# Plants for a Mountain Horned Dragon Viv



## quack (May 14, 2011)

I am planning on getting a mountain horned dragon in a few weeks, I have a viv set up, it is 3 feet long, 1 and a half feet deep, and 4 feet tall. All that I am missing is the plants.

I have a pothos in there now, but I'd like to have more to give the lizard more places to hide. I have some branches in there now as well and a fogger for when the humidity gets low. What plants could I use to fill the viv that would either climb the branches or provide the lizard with more places to hide? 

The viv will be kept between the low 90'sF in the basking area to the mid 70'sF towards the bottom, with the humidity usually staying between 50-80%.

Any help will be appreciated!


----------



## Groundhog (Dec 17, 2006)

For arboreal agamines, you've come to right place:

1) Temperature: You do know that _Acanthosaura sp._ are montane lizards. I do not think you need to have a basking spot that goes low 90s--High 80s will do it. It is imperative that the tank gets down to room temperature at night. So think--ambient day: mid-high 70s; ambient night: high 60s--low 70s.

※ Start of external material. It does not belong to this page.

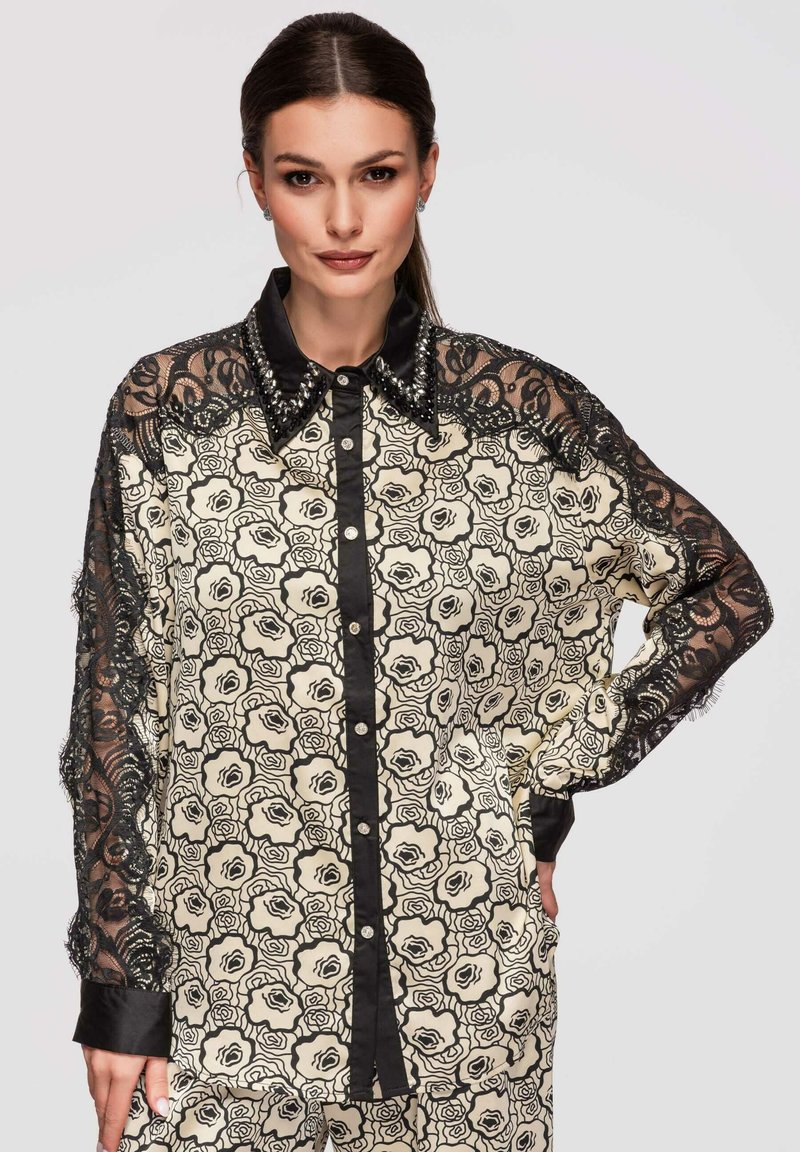 Femme portant un chemisier à motif floral noir et blanc avec manches en dentelle noire et un col noir clouté, posant avec une main sur la hanche.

2) Some UVb is necessary. If you use T 8s, one 3' Exoterra 5.0 should do it (in conjunction with your "daylight" bulbs).

3) Water: These lizards like moisture. What kind of fogger? Can it be set to mist (actual droplets) a couple of times a day? For an enclosure 3' wide, I would cover half the screen top with saran wrap or plexiglass (of course, your basking bulb goes on the other side). This will help stabilize the ambient humidity.

4) Diet: For Acanthosaura, a varied diet is good, but go long on superworms and earthworms (relatively high in calcium). The purpose of those claws is because they do come down to scratch for earthworms (like their new world counterpart, Corythophanes). You will find that they will quickly learn to accept food from your fingers--some almost demand it

5) Oh yeah, da plants: Once acclimated, you will find they do not hide all the time. A well-planted tank is fine. You can lose the pothos if you want some variety. Bear in mind, in an enclosure that tall, you cannot really grow high light plants. Plant early and often!

Asian plants for Asian lizards:

Foreground:
Pellionia sp.

Midground:
Ferns (Hemionitis, Pellaea, Humata, etc.)
Pilea cadieri

Vining aroids:
Epipremnum 'Cebu Blue'
Rhaphidophora sp.
Scindapsus pictus

"Tall" plants:
Any dwarf Ficus benjamina (e.g., Dutch Treat, Too Little)
Fiscus salicifolia (?, name has been changed)
Alocasia 'Bambino'
or any smaller Alocasia
And, I know they bore people, but you can't go wrong with Aglaonema

Epiphytes: If you do only a half screen, you can mount some sturdier epiphytes under the covered side, up closer to the lights (but away from the basking bulb):

Pyrossia ferns
Dischidias
Aeschynanthus sp.
Orchids: Bulbophyllum, Amesiella, Trichoglottis, Dendrobium loddigessii, Sederia japonica, etc.

Hope this helps. Btw, which Acanthosaura?

P. S.

Incidentally, these guys do not need to live alone--1.1 or 1.2 would be fine for your enclosure. 
Do you have the TFH book _Water Dragons_ by Bert Langerwerf? It has a short section on Mountain dragons.

Oh, and did I mention earthworms?


----------



## quack (May 14, 2011)

Thanks for the info!

I have a reptifogger for extra humidity when/if I need it, a sprayer for daily water (the kind that is used for pesticides and such, although mine hasn't been used for anything like that), and a waterfall with a sink in the bottom.

I was thinking of Begonia crassicaulis, a scindapsus, and Rhaphidophora tetrasperma to start with and go from there.


----------



## RCK (Jan 8, 2013)

Old thread, but, make sure your temperatures do not exceed 84F. Temperatures higher then 84F can/will kill your MHD. These guys do not need a basking spot.


----------



## Groundhog (Dec 17, 2006)

RCK said:


> Old thread, but, make sure your temperatures do not exceed 84F. Temperatures higher then 84F can/will kill your MHD. These guys do not need a basking spot.


I did write "ambient day: mid-high 70s." I do not think a spot in the mid-high 80s will do harm, as long as it is just a spot and not the entire cage. From what I understand, it is actually more important to get the temperature drop at night. 

It is true that Acanthosaura are montane lizards, and do not need or want as high a temperature as Physignathus or Gonocephalus.


----------